About this task:
Write out the listing from the line with "H8461M_0 (2023-01-10 03:22:01)" to the line with "ภาพ No.255285:วันที่ 12", both lines included, exactly and nothing beyond. Leave pictures out.
[Data extracts Boundary: Start]
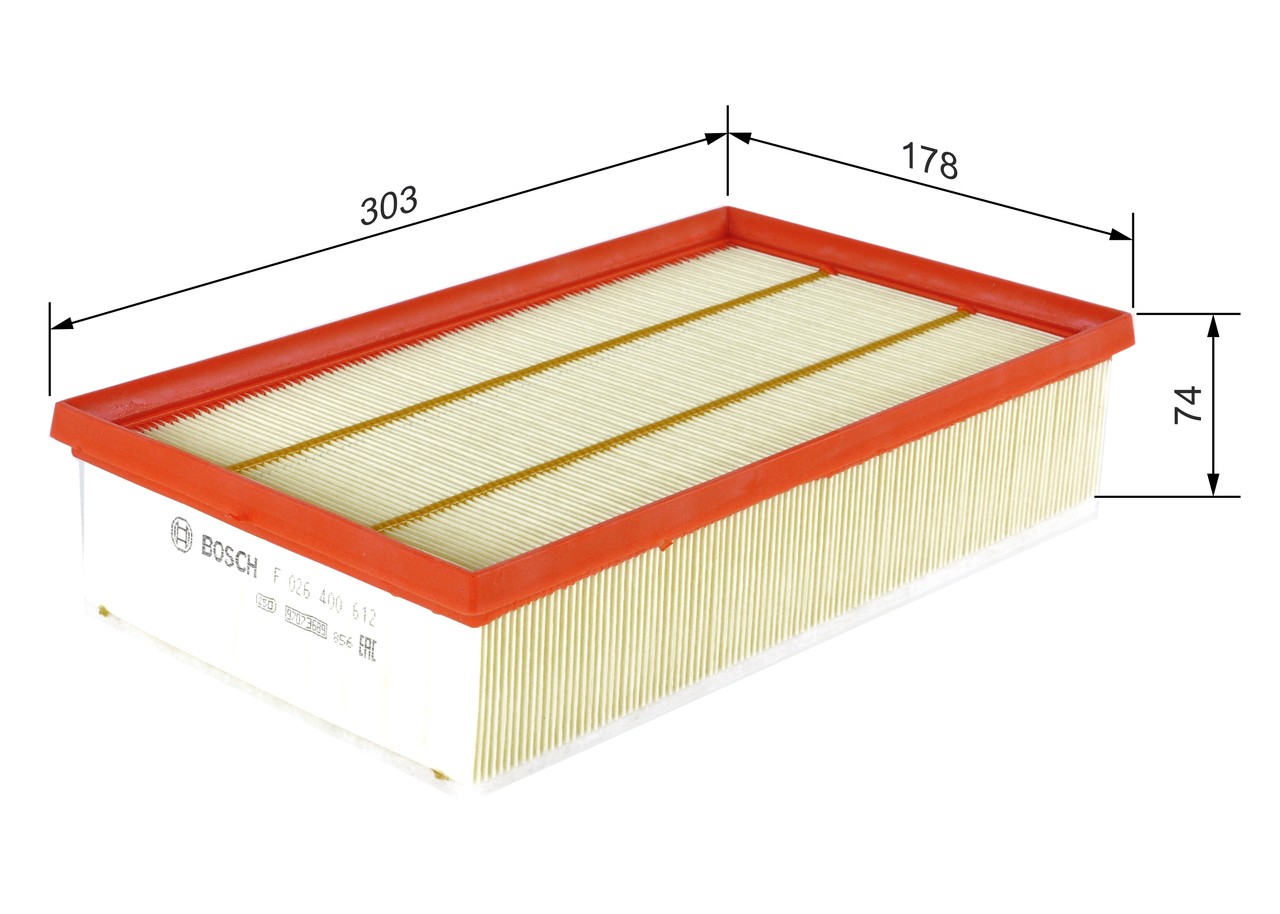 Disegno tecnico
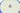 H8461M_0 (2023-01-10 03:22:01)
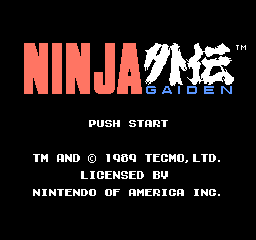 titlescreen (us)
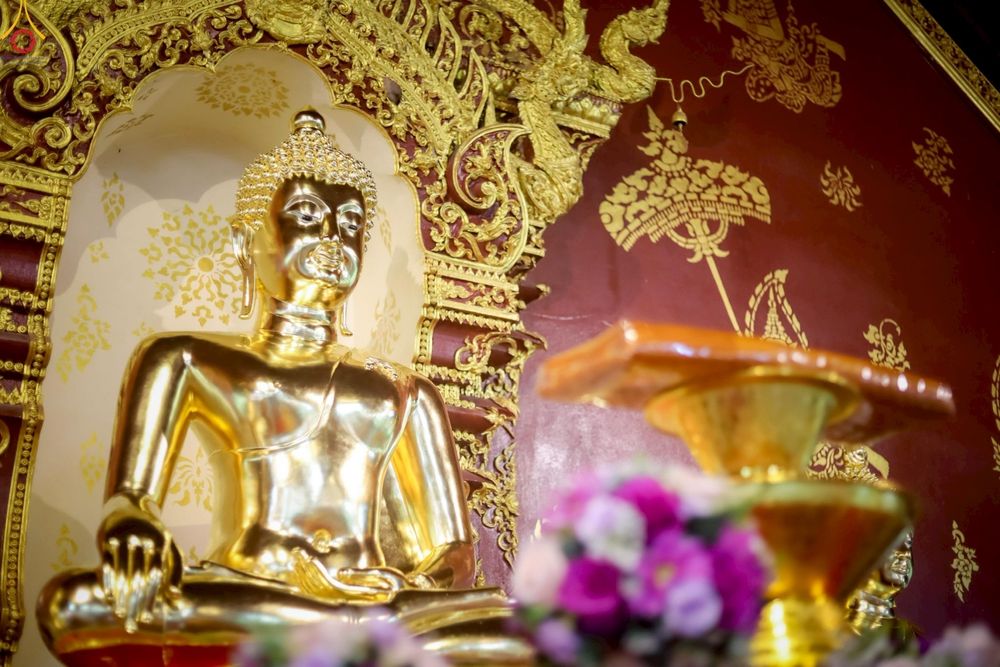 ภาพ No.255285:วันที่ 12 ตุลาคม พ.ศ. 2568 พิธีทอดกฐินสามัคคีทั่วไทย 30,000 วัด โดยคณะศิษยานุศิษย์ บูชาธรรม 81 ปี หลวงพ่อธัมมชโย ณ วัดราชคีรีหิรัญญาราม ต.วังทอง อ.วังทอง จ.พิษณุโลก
[Data extracts Boundary: End]
[Data extracts Boundary: Start]
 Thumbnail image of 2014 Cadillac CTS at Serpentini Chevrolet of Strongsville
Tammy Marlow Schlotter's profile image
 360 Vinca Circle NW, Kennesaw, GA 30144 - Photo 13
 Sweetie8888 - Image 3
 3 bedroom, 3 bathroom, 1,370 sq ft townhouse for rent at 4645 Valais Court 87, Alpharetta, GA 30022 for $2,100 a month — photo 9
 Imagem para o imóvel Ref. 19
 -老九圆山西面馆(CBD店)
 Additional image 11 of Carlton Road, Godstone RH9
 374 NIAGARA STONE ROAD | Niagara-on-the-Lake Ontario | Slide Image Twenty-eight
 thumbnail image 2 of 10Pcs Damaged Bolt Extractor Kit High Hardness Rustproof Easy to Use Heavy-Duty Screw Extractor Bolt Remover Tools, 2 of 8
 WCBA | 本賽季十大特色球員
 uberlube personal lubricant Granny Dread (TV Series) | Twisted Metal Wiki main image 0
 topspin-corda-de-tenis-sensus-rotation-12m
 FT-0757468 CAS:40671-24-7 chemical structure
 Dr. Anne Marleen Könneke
[Data extracts Boundary: End]
[Data extracts Boundary: Start]
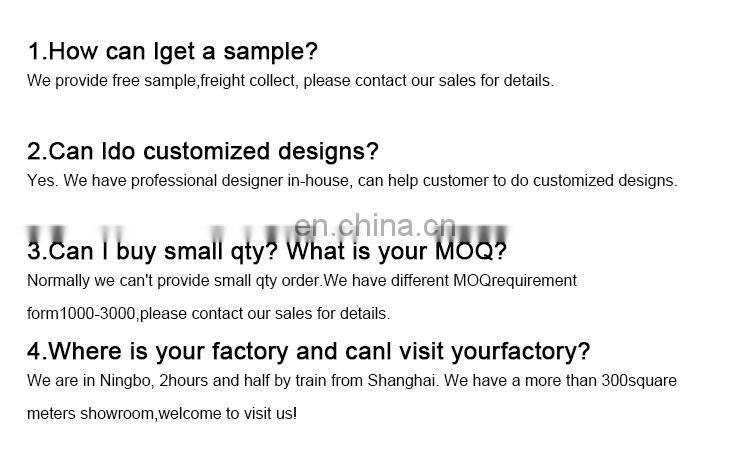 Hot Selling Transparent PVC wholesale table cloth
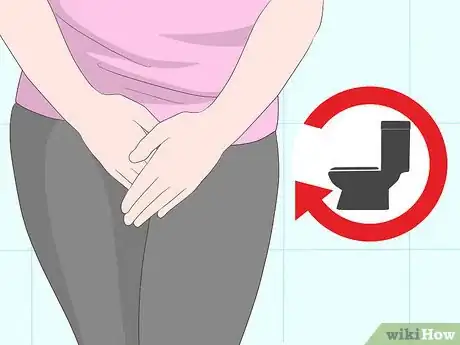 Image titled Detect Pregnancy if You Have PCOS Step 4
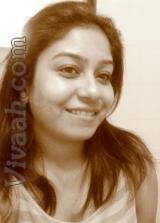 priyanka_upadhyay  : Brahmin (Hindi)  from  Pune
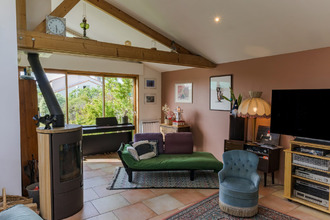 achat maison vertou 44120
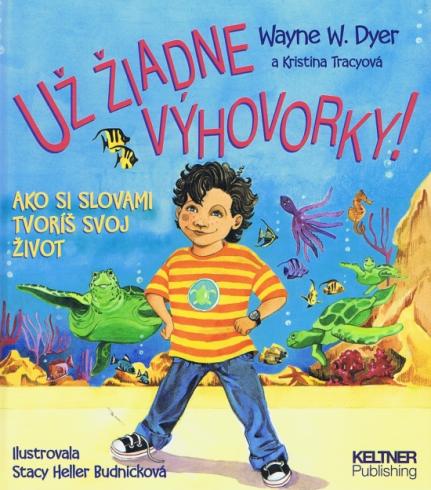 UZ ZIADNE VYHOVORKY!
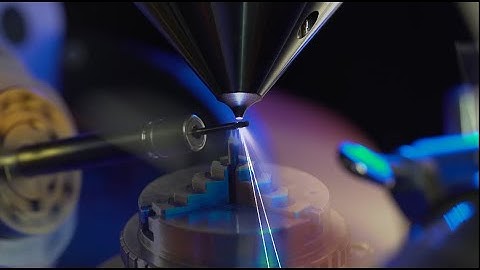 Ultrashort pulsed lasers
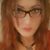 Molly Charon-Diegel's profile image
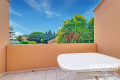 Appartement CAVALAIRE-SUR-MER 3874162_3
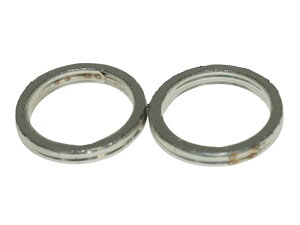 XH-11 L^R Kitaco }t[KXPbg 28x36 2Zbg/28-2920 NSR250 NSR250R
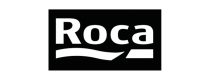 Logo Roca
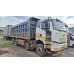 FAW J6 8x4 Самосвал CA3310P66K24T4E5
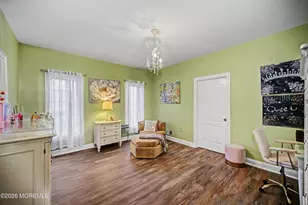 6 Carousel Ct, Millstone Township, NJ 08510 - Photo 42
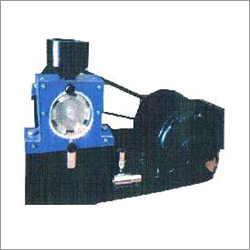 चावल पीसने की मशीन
[Data extracts Boundary: End]
Output for this exercise:
 H8461M_0 (2023-01-10 03:22:01)
 titlescreen (us)
 ภาพ No.255285:วันที่ 12 ตุลาคม พ.ศ. 2568 พิธีทอดกฐินสามัคคีทั่วไทย 30,000 วัด โดยคณะศิษยานุศิษย์ บูชาธรรม 81 ปี หลวงพ่อธัมมชโย ณ วัดราชคีรีหิรัญญาราม ต.วังทอง อ.วังทอง จ.พิษณุโลก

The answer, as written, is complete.